:: INSTRUCTIONS FOR THE TASK ::
Nothing but the text of the listing, repeated exactly, belongs in the answer; leave the images out.

:: SOURCE INFORMATION ::
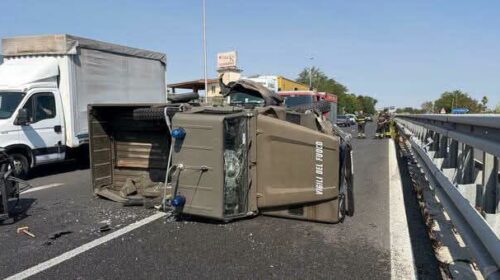 Automezzo dei vigili del fuoco si ribalta sulla 268 in direzione Angri: due vigili del fuoco gravemente feriti Automezzo dei vigili del fuoco si ribalta sulla 268 in direzione Angri: due vigili del fuoco gravemente feriti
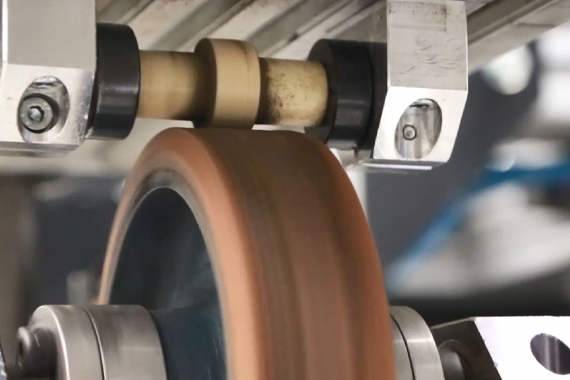 Test zużycia podczas upadku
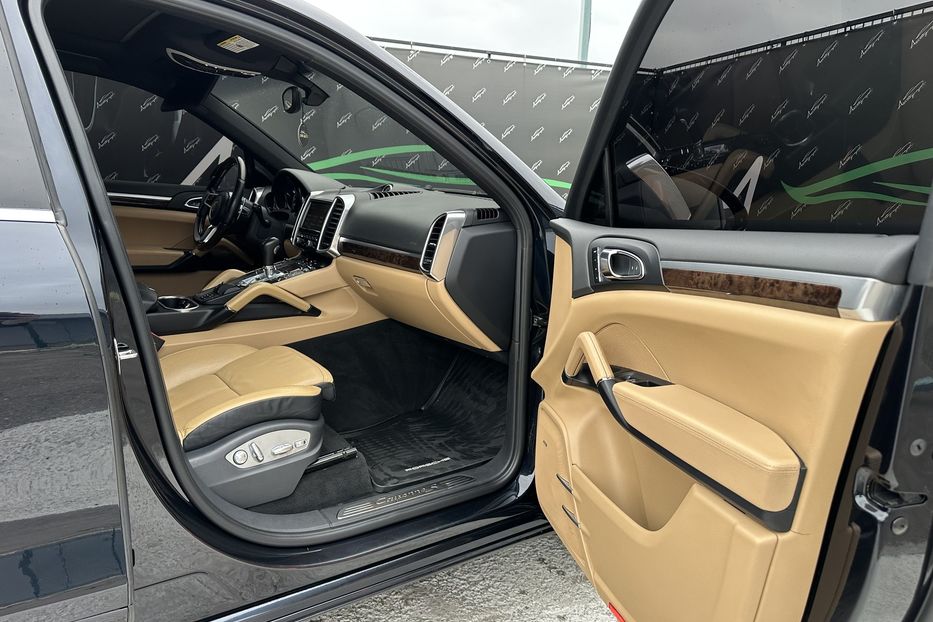 Продам Porsche Cayenne S 2015 года в Киеве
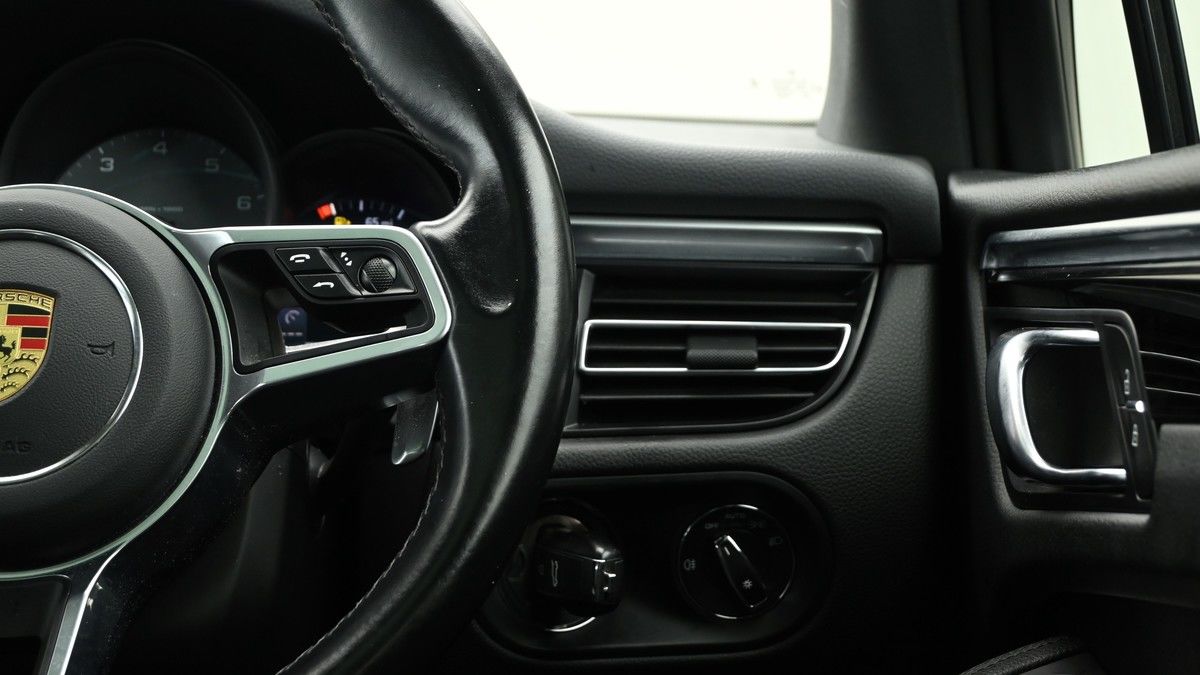 Porsche Macan Image 16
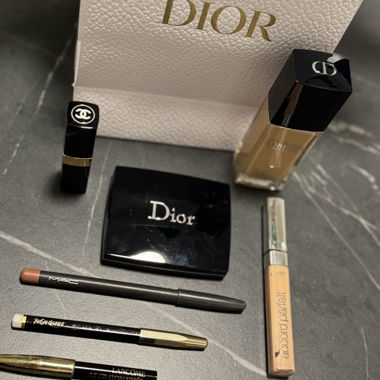 Set Trucco di Lusso (Dior, Chanel, YSL, MAC)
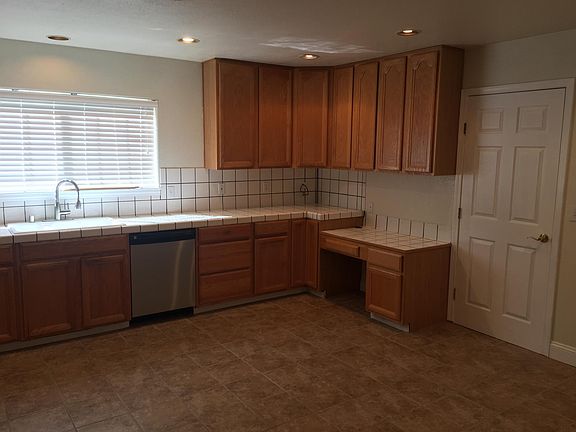 5th image of 1442 Sprucewood Dr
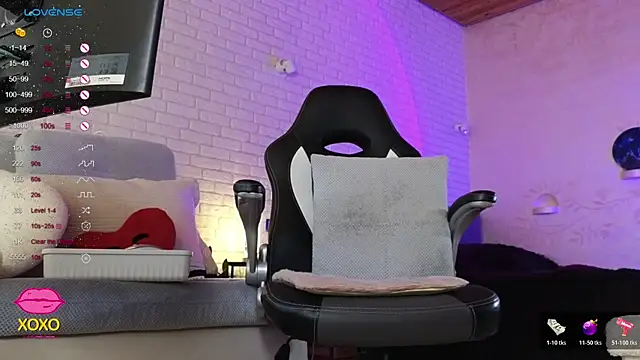 Snapshot of misskaassandraa chatting on 11/06/25, 08:48 misskaassandraa online show from 11/06/25, 08:48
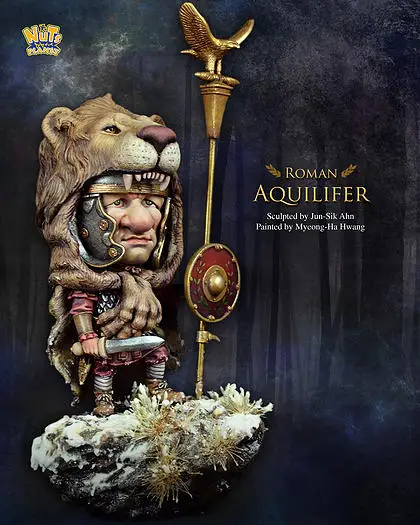

Pre order goods-NP 002 1/32 SD Ancient Roman Falconer
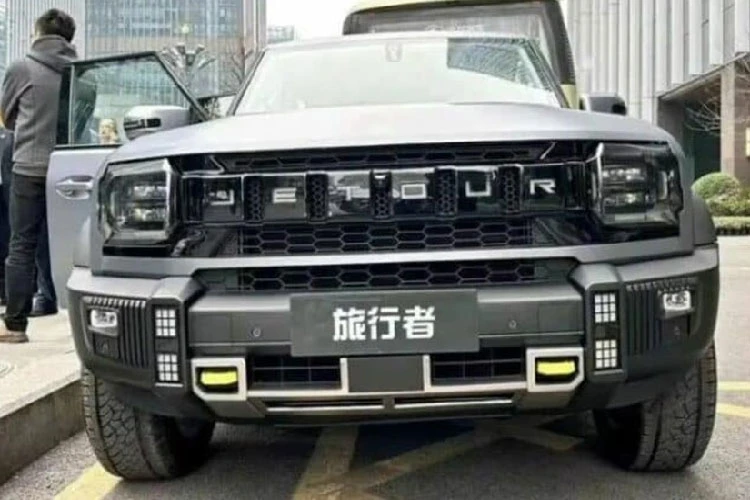 Jetour Traveler của Trung Quốc "nhái" Ford Bronco và Land Rover lần đầu lăn bánh
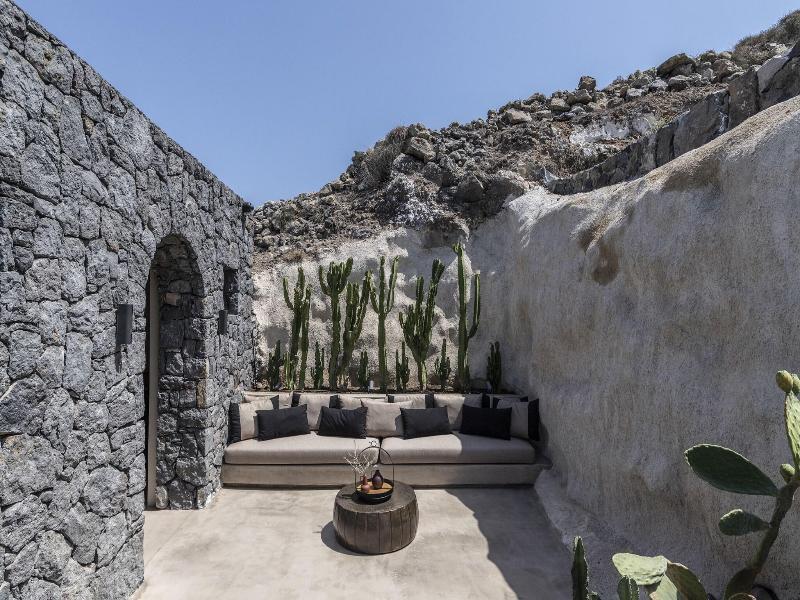 Nimbus Santorini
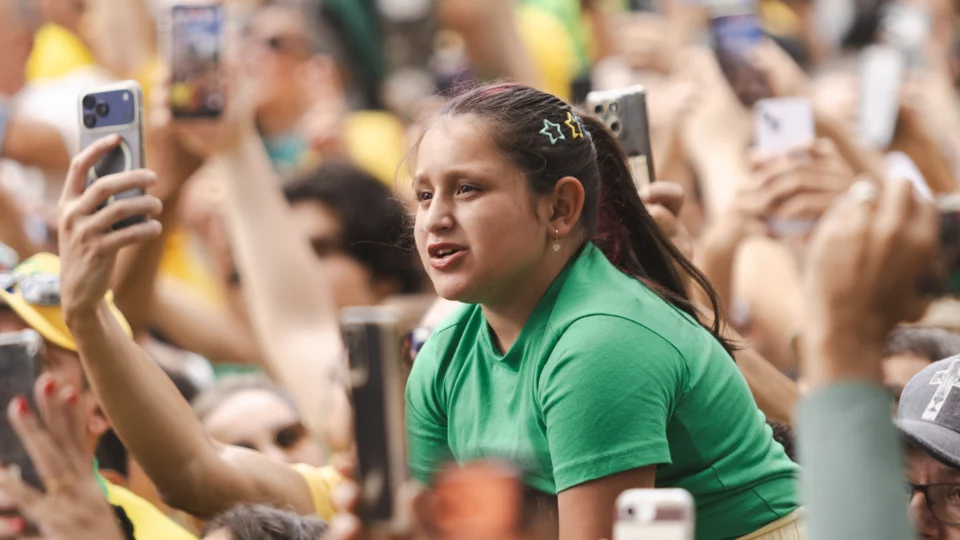 Muitas famílias participaram do ato em apoio a Flávio Bolsonaro (PL).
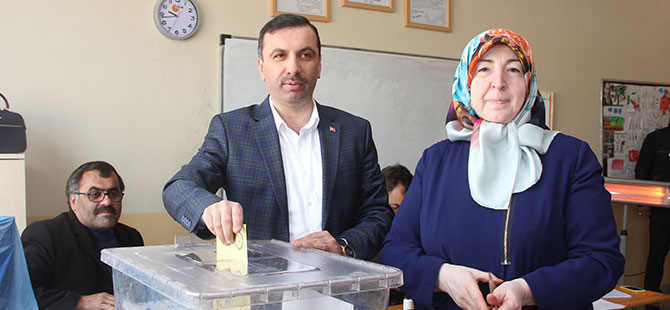 Sarıcaoğlu Oyunu Eşiyle Birlikte Kullandı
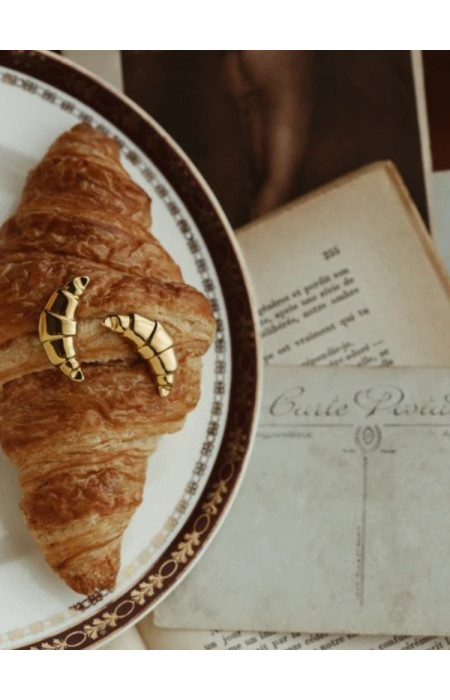 GOLD EARRINGS - CROISSANT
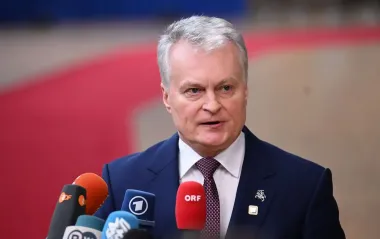 Науседа закликає ЄС "бити по найболючіших місцях" Росії та Білорусі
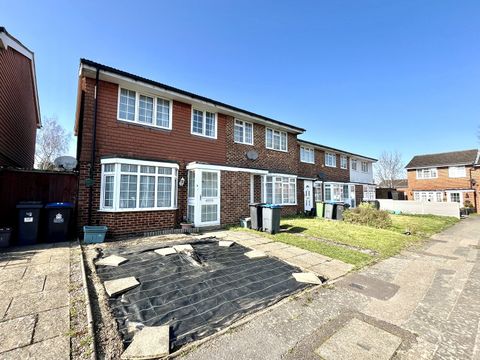 Finlays Close, Chessington, Surrey. KT9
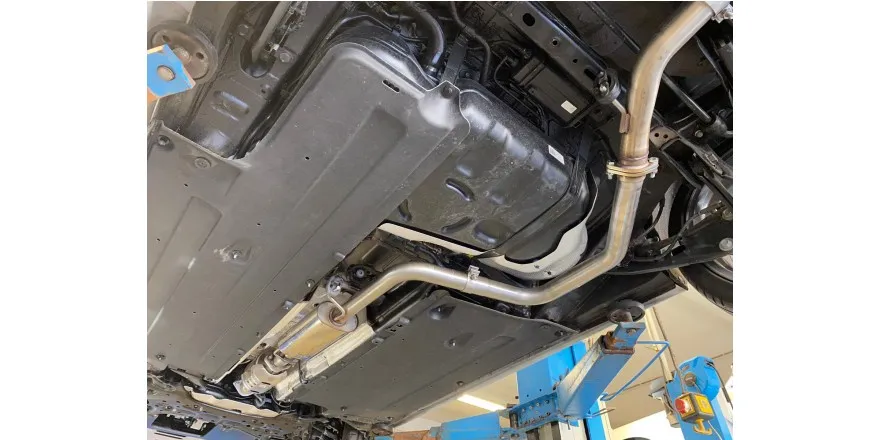 Hyundai i30 PDE para vehículos con Silenciador delantero FOX OPF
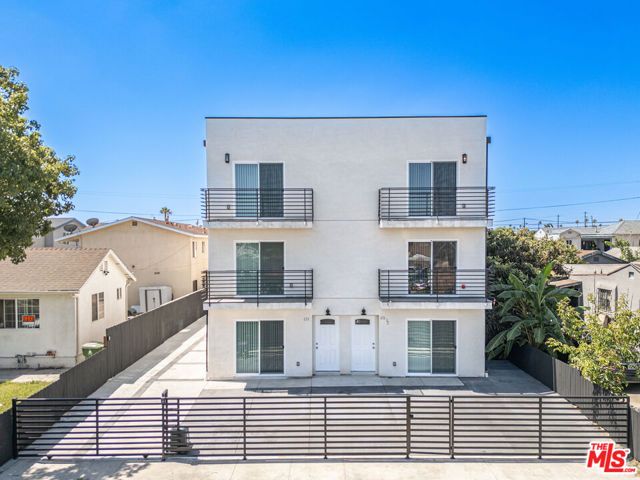 636 W 76th Street, Los Angeles, CA 90044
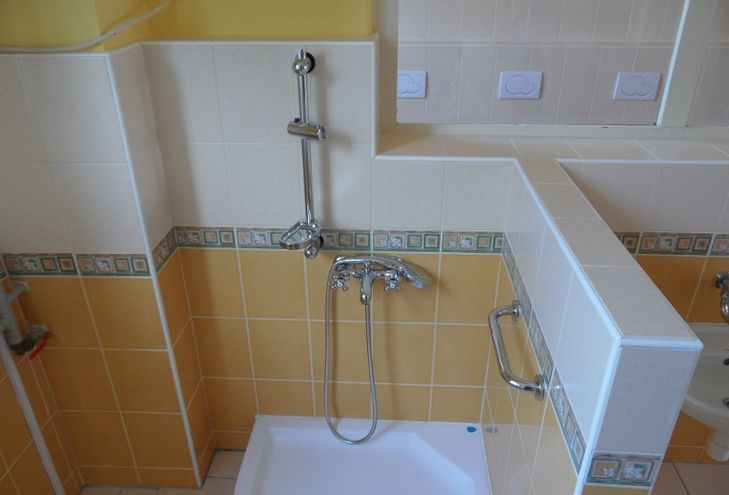 Rekonstrukce koupelen - Mateřská škola Vendryně 2013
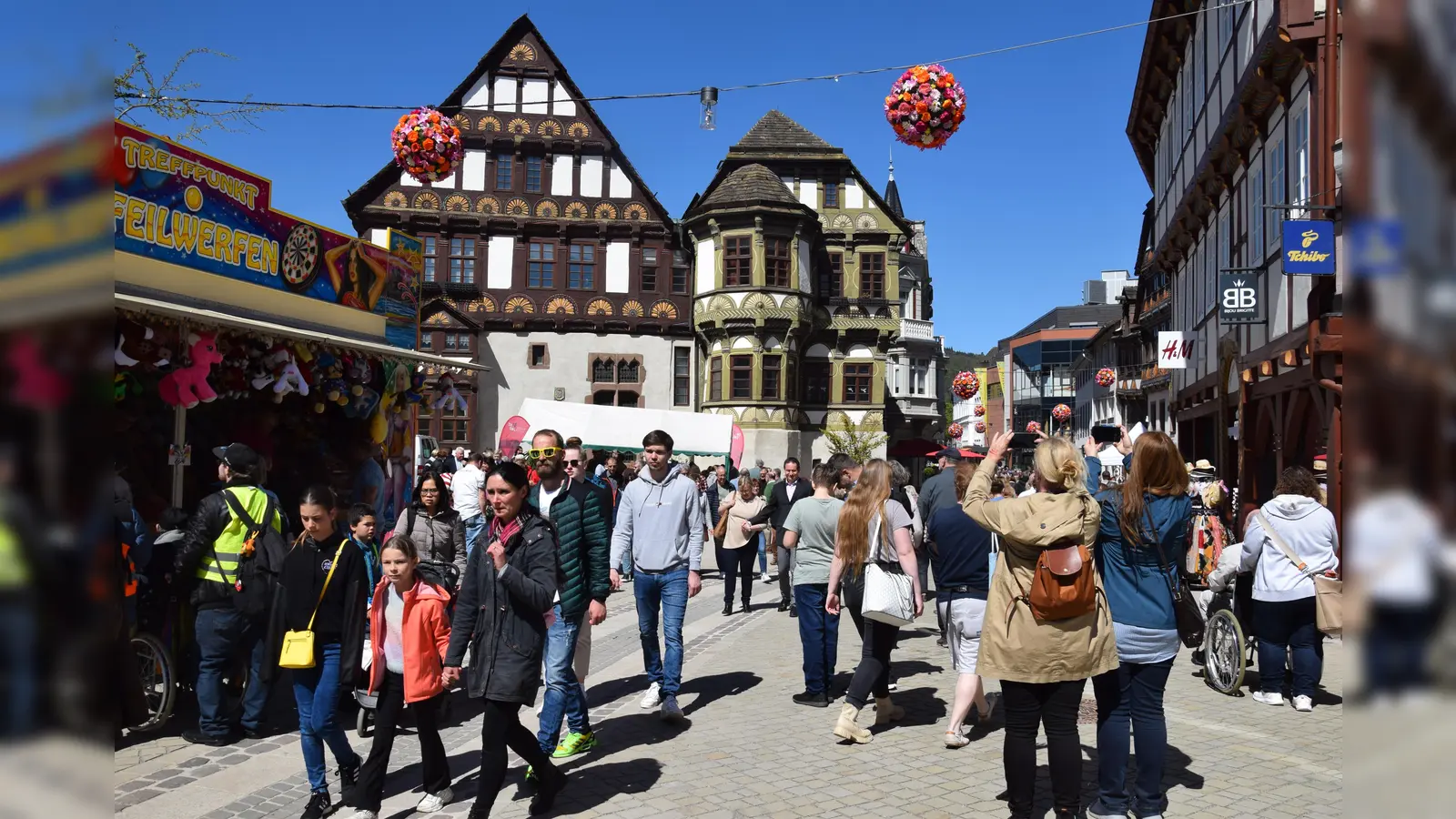 Sonntäglicher Bummel durch Höxters geschmückte Fußgängerzone. (Foto: Marc Otto)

:: SOLUTION FOR THIS EXERCISE ::
 Automezzo dei vigili del fuoco si ribalta sulla 268 in direzione Angri: due vigili del fuoco gravemente feriti Automezzo dei vigili del fuoco si ribalta sulla 268 in direzione Angri: due vigili del fuoco gravemente feriti
 Test zużycia podczas upadku
 Продам Porsche Cayenne S 2015 года в Киеве
 Porsche Macan Image 16
 Set Trucco di Lusso (Dior, Chanel, YSL, MAC)
 5th image of 1442 Sprucewood Dr
 Snapshot of misskaassandraa chatting on 11/06/25, 08:48 misskaassandraa online show from 11/06/25, 08:48

Pre order goods-NP 002 1/32 SD Ancient Roman Falconer
 Jetour Traveler của Trung Quốc "nhái" Ford Bronco và Land Rover lần đầu lăn bánh
 Nimbus Santorini
 Muitas famílias participaram do ato em apoio a Flávio Bolsonaro (PL).
 Sarıcaoğlu Oyunu Eşiyle Birlikte Kullandı
 GOLD EARRINGS - CROISSANT
 Науседа закликає ЄС "бити по найболючіших місцях" Росії та Білорусі
 Finlays Close, Chessington, Surrey. KT9
 Hyundai i30 PDE para vehículos con Silenciador delantero FOX OPF
 636 W 76th Street, Los Angeles, CA 90044
 Rekonstrukce koupelen - Mateřská škola Vendryně 2013
 Sonntäglicher Bummel durch Höxters geschmückte Fußgängerzone. (Foto: Marc Otto)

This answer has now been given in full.